• **Your goal**: Write out the entries exactly, pictures excluded.

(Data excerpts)
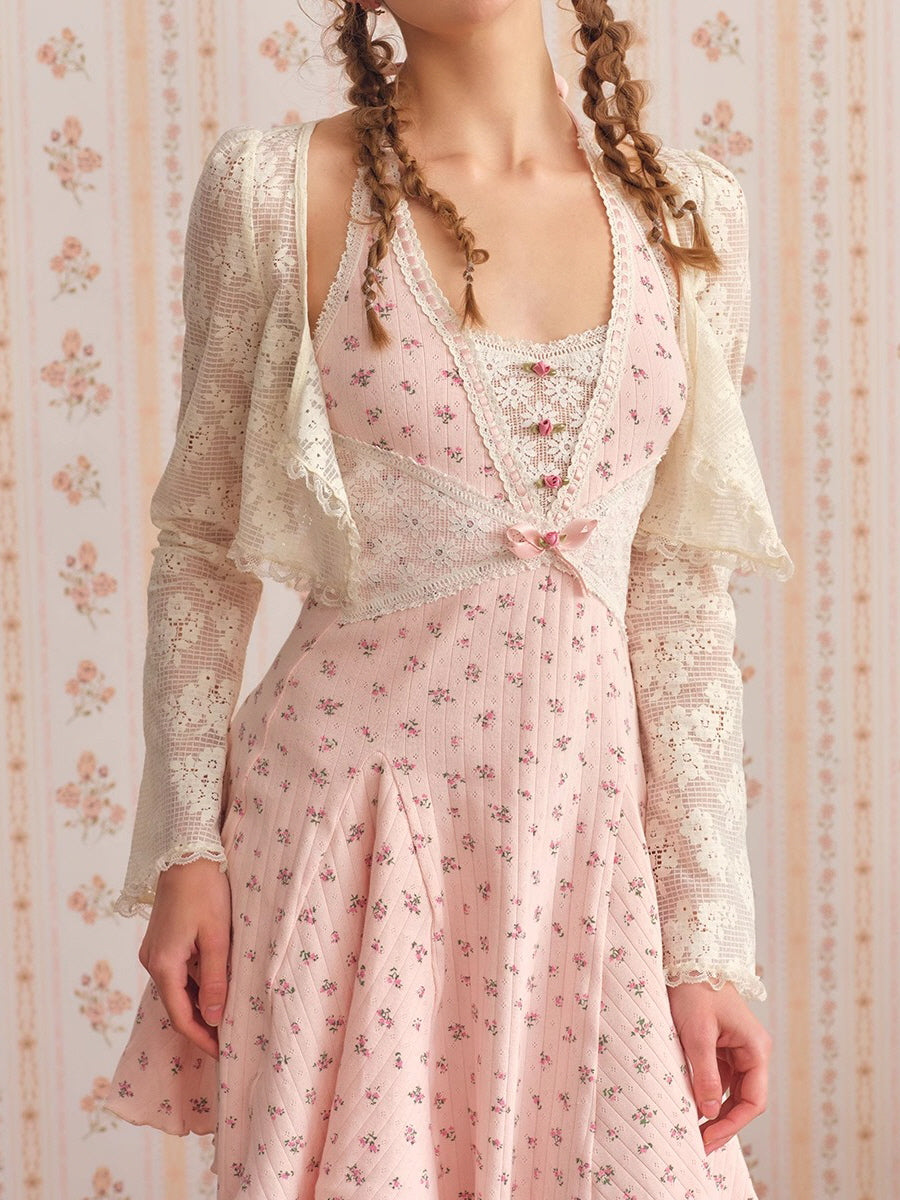 Strawberry Milk Sunday Dress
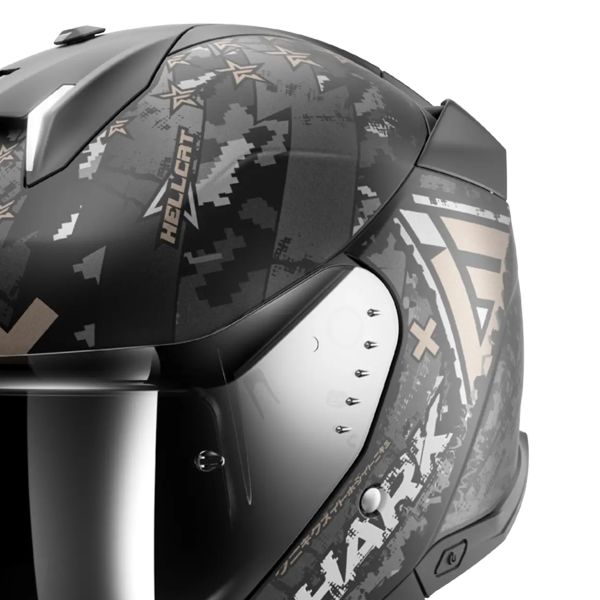 Shark Skwal i3 Jet Hellcat Mat KUA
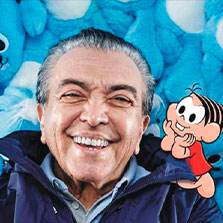 Foto Mauricio de Sousa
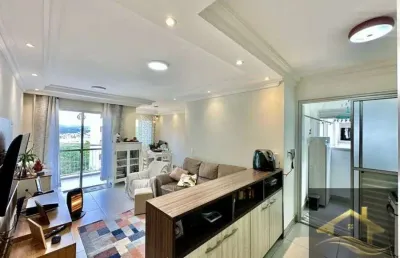 Apartamento com 2 quartos para alugar na Avenida Brasil, Centro, Cotia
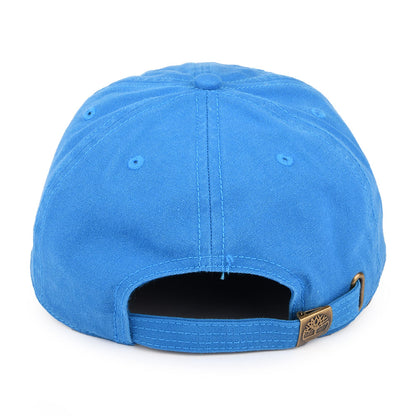 Gorra de béisbol Cooper Hill de algodón de Timberland - Azul Mar
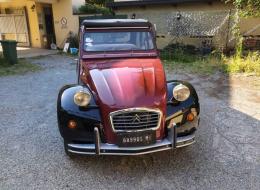 Citroen 2 CV charleston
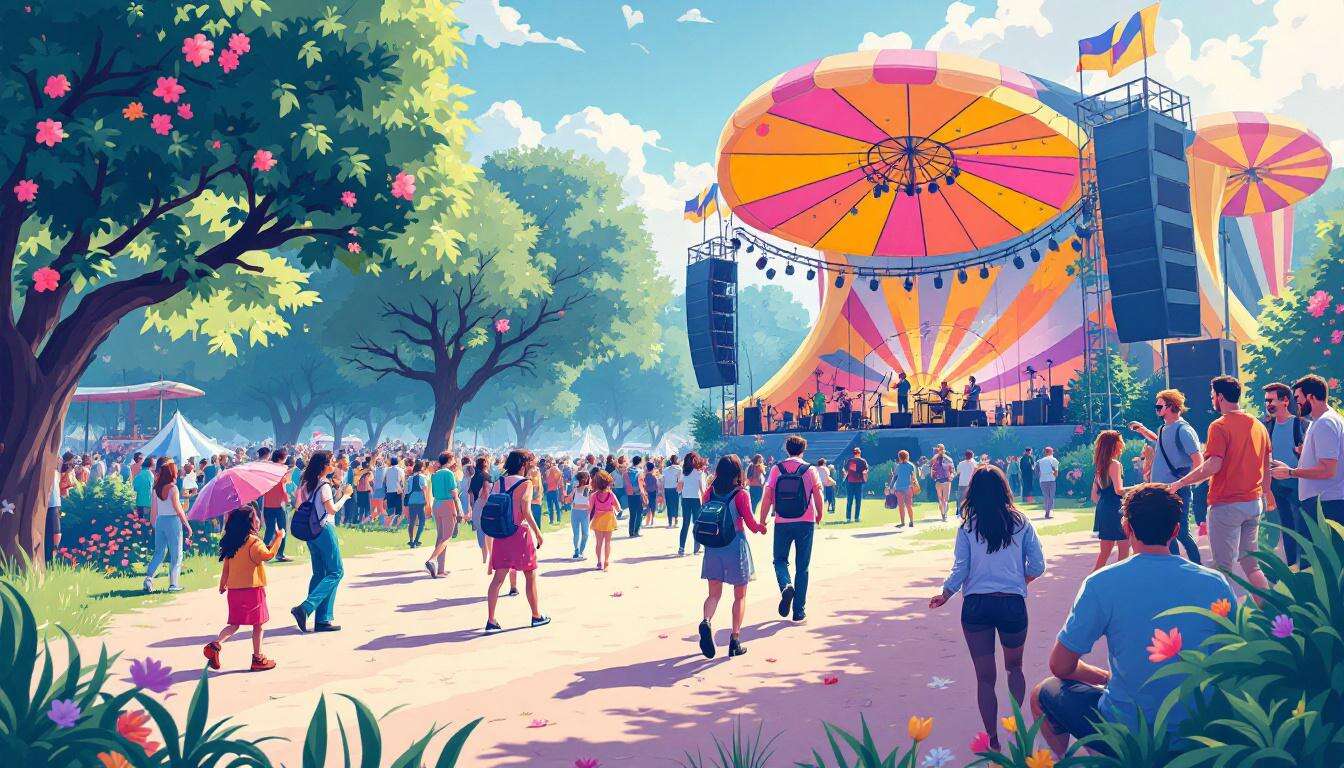 Musique et rencontres : festivals de printemps à ne pas manquer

• **Task result**:
 Strawberry Milk Sunday Dress
 Shark Skwal i3 Jet Hellcat Mat KUA
 Foto Mauricio de Sousa
 Apartamento com 2 quartos para alugar na Avenida Brasil, Centro, Cotia
 Gorra de béisbol Cooper Hill de algodón de Timberland - Azul Mar
 Citroen 2 CV charleston
 Musique et rencontres : festivals de printemps à ne pas manquer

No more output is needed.